§ Dataset entries:
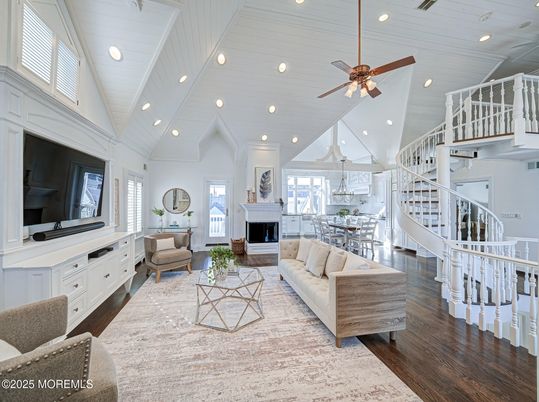 Dining room, Fireplace, Interior, Living room, Recessed Lighting, Wood Texture Flooring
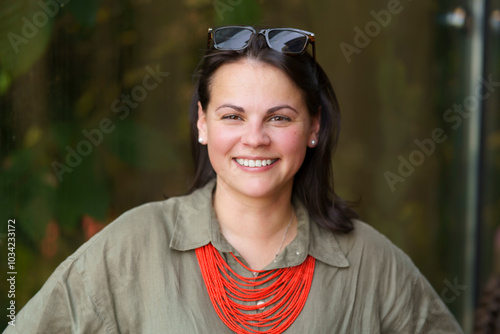 Beautiful dark-haired European woman in her thirties poses for a portrait photo in a khaki linen shirt and coral beads. Concept of natural female beauty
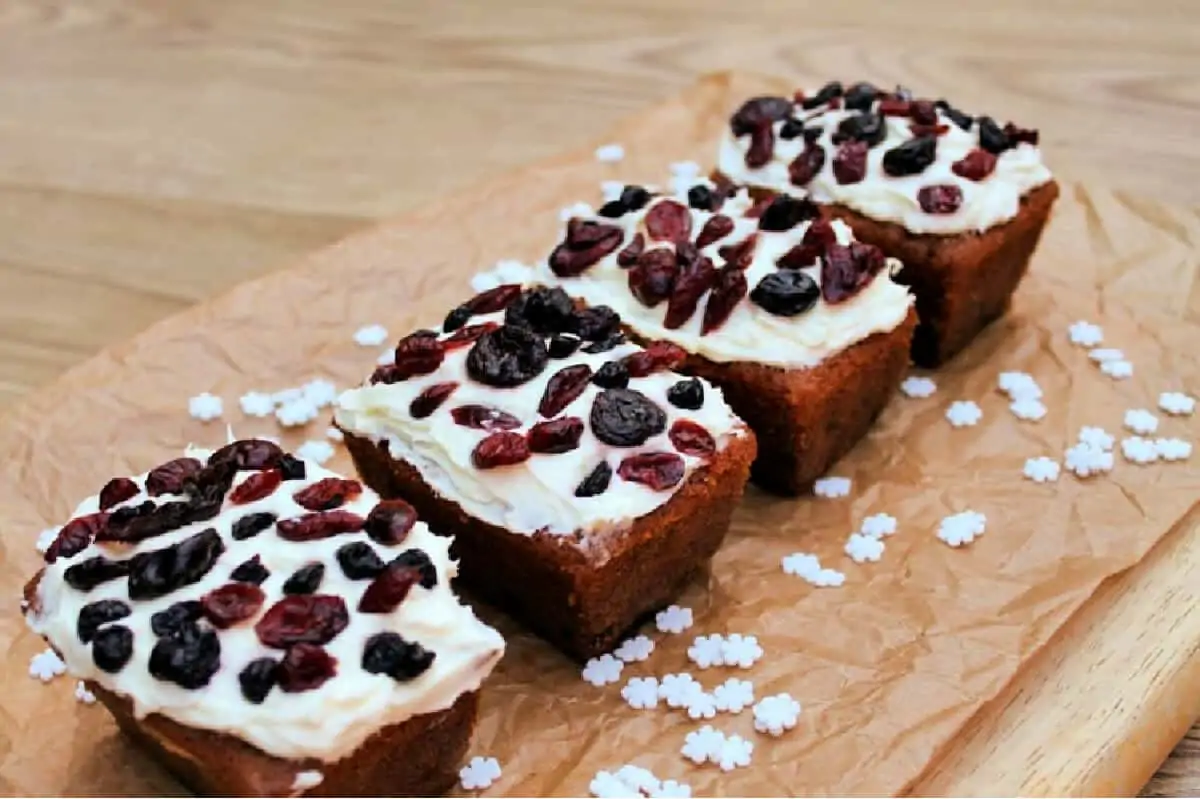 A row of four mini ginger loaf cakes on a wooden board.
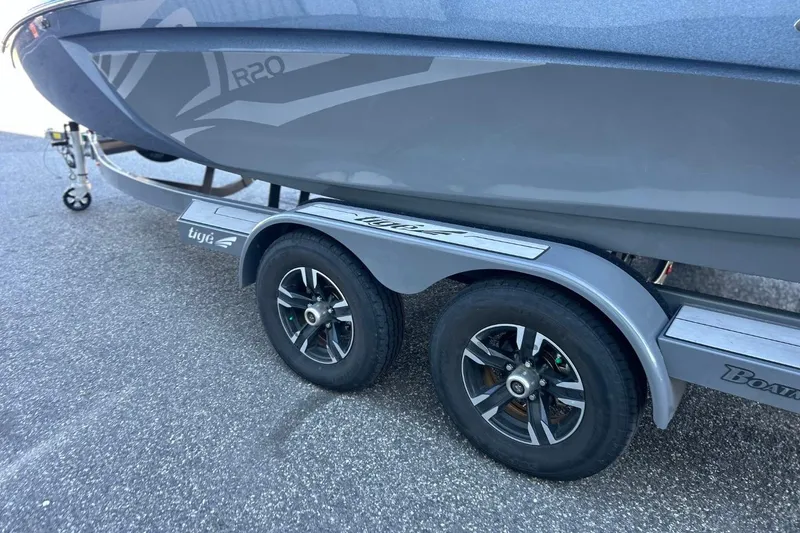 Slide: The Image of 2018 Tigé R20 boat on a dual-axle trailer, parked on asphalt. - 8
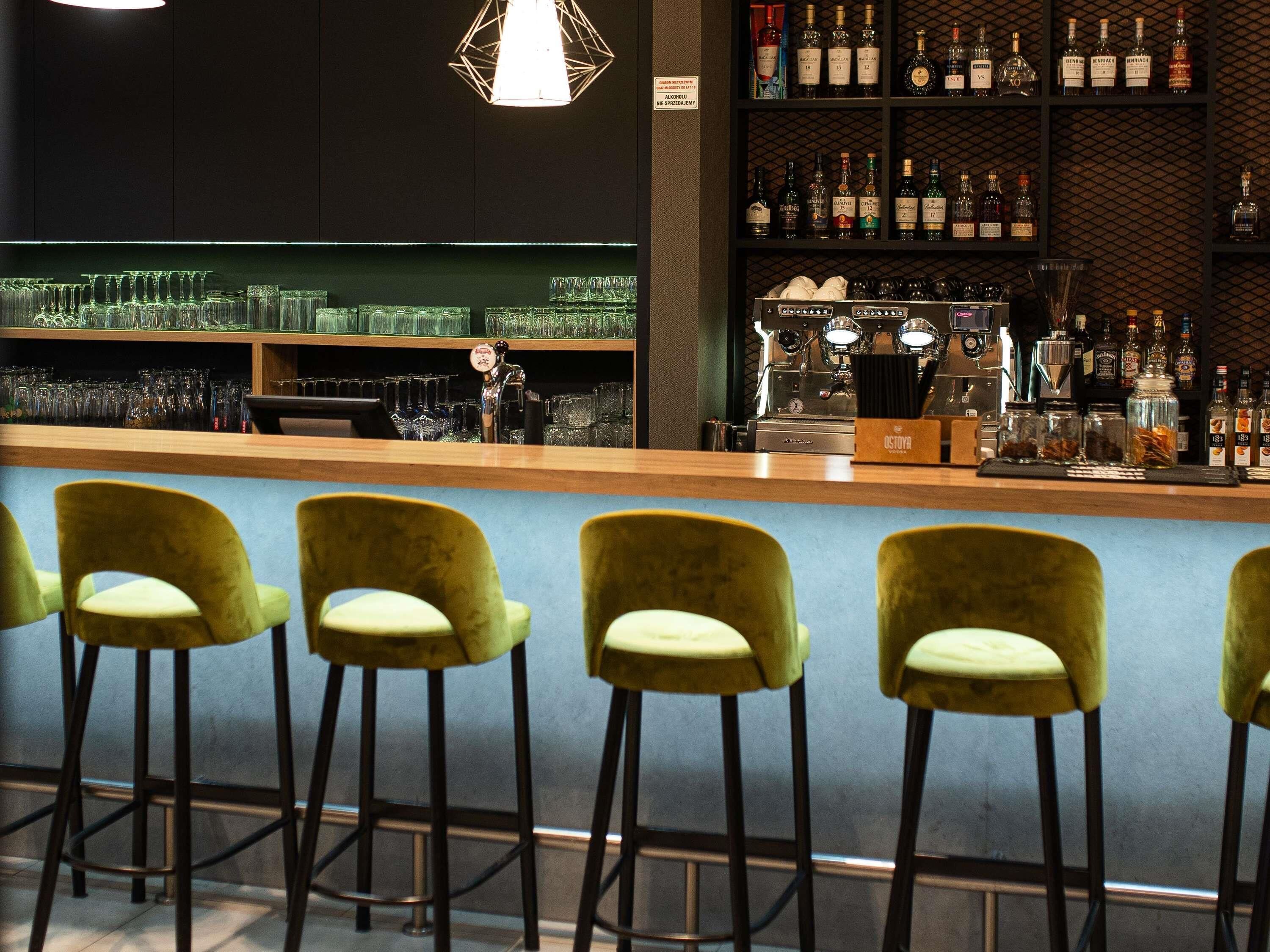 A bar area with stools, a bar counter, and shelves of liquor bottles.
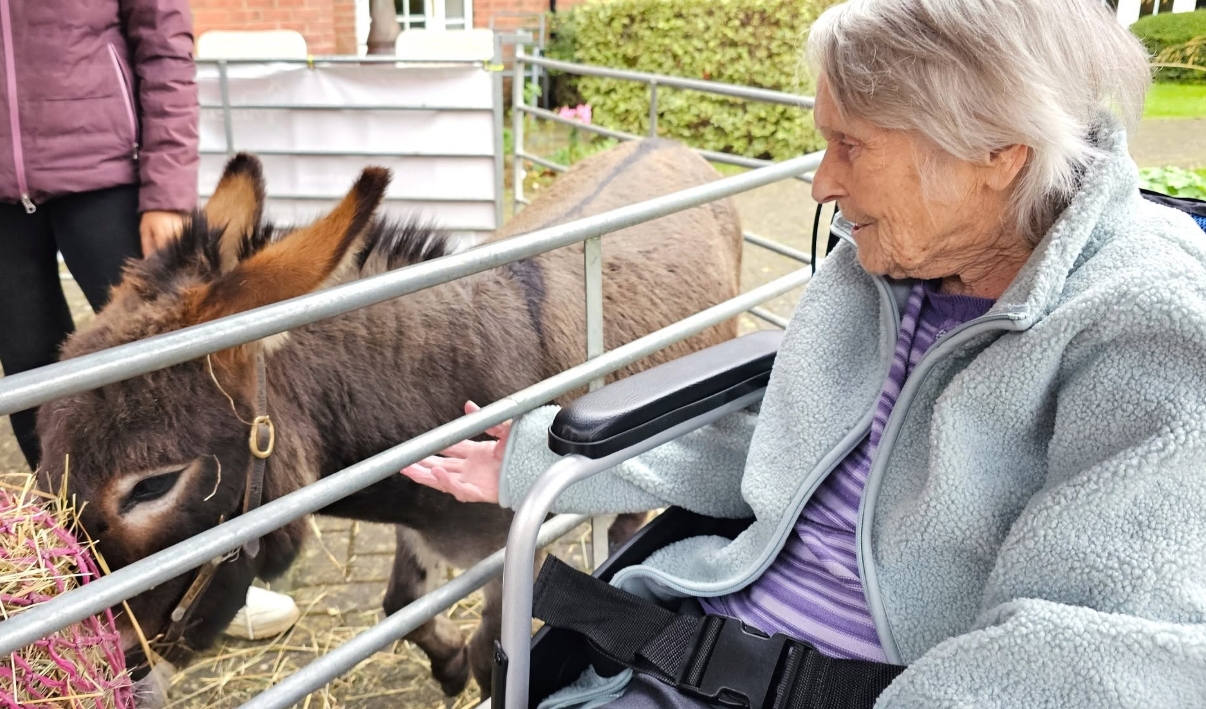 Residents Enjoy Donkey Visit to Home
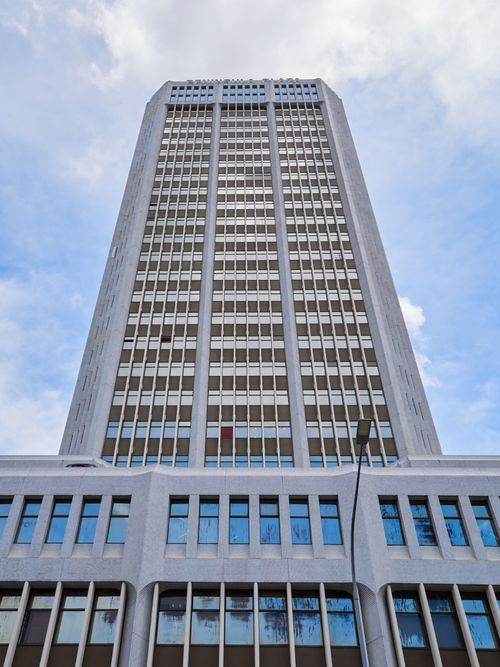 Free A towering modern skyscraper rises against a bright blue sky, showcasing urban architecture. Stock Photo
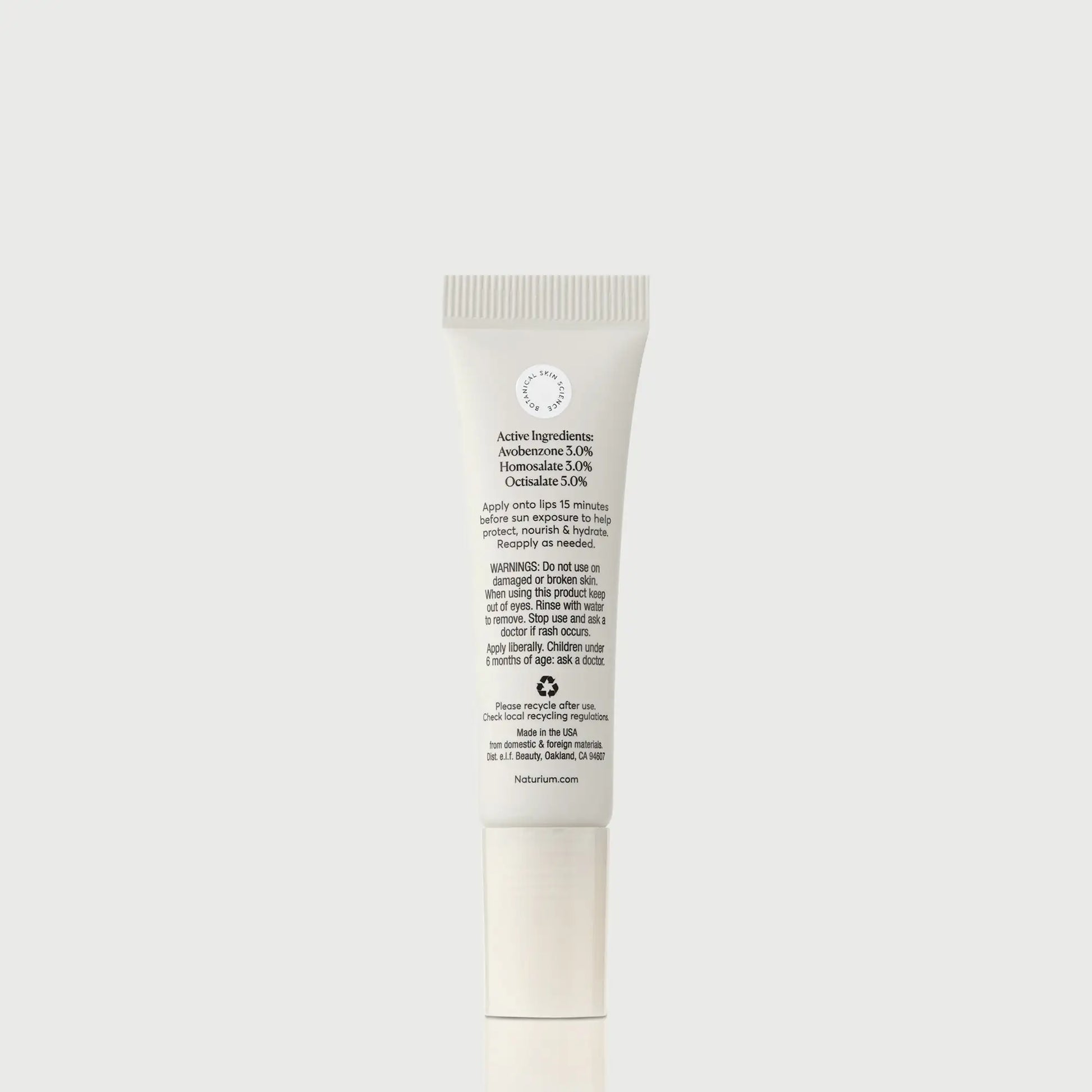 phyto-glow-lip-balm-spf-45-clear-p1 NATR-10124_PhytoGlow_SPF_Clear_primary_capon_back_bonebkgd_1.webp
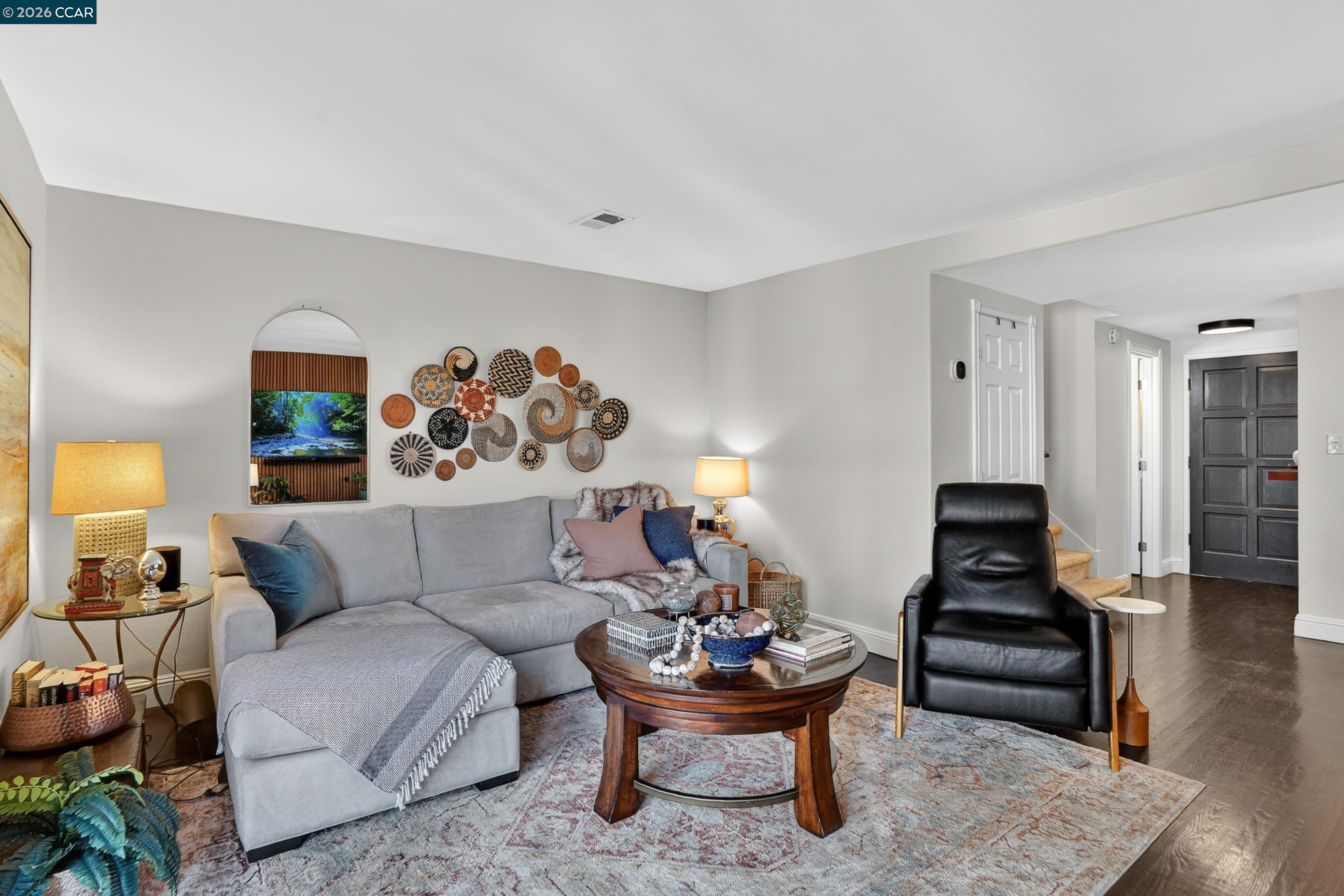1812 Wildbrook Court, Unit C Concord, CA 94521 - Photo 11 of 35 a living room with furniture and wooden floor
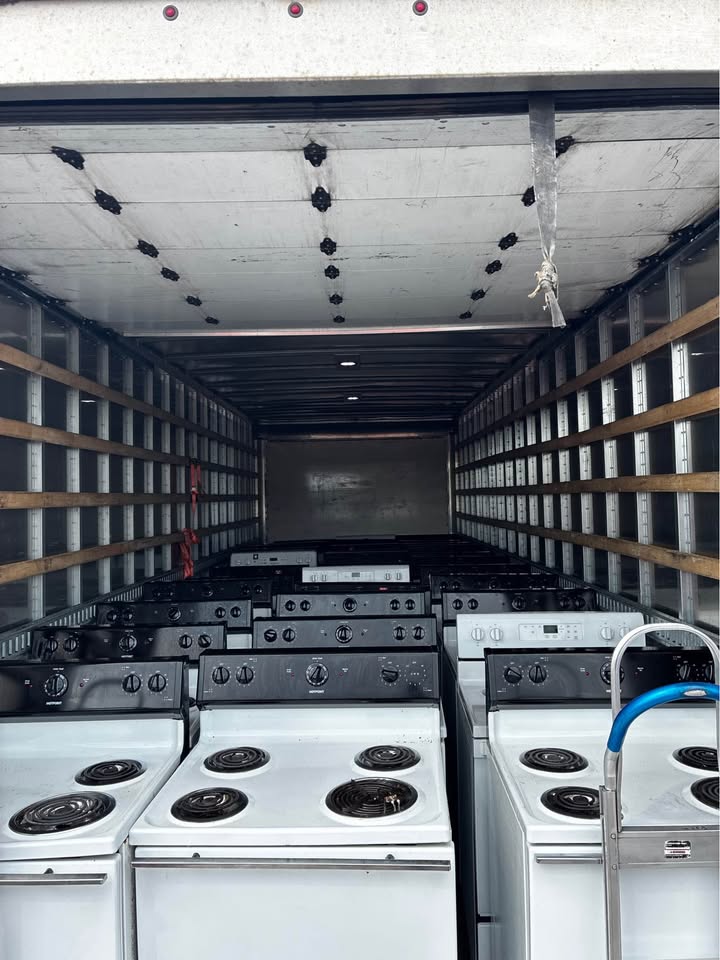 A truckload of white coil-top stoves being delivered to the lot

§ Your goal:
Begin at the first line of the listing and print each line exactly. Stop after the line containing "Residents Enjoy Donkey Visit to Home", and omit all pictures.

§ Output of the exercise:
 Dining room, Fireplace, Interior, Living room, Recessed Lighting, Wood Texture Flooring
 Beautiful dark-haired European woman in her thirties poses for a portrait photo in a khaki linen shirt and coral beads. Concept of natural female beauty
 A row of four mini ginger loaf cakes on a wooden board.
 Slide: The Image of 2018 Tigé R20 boat on a dual-axle trailer, parked on asphalt. - 8
 A bar area with stools, a bar counter, and shelves of liquor bottles.
 Residents Enjoy Donkey Visit to Home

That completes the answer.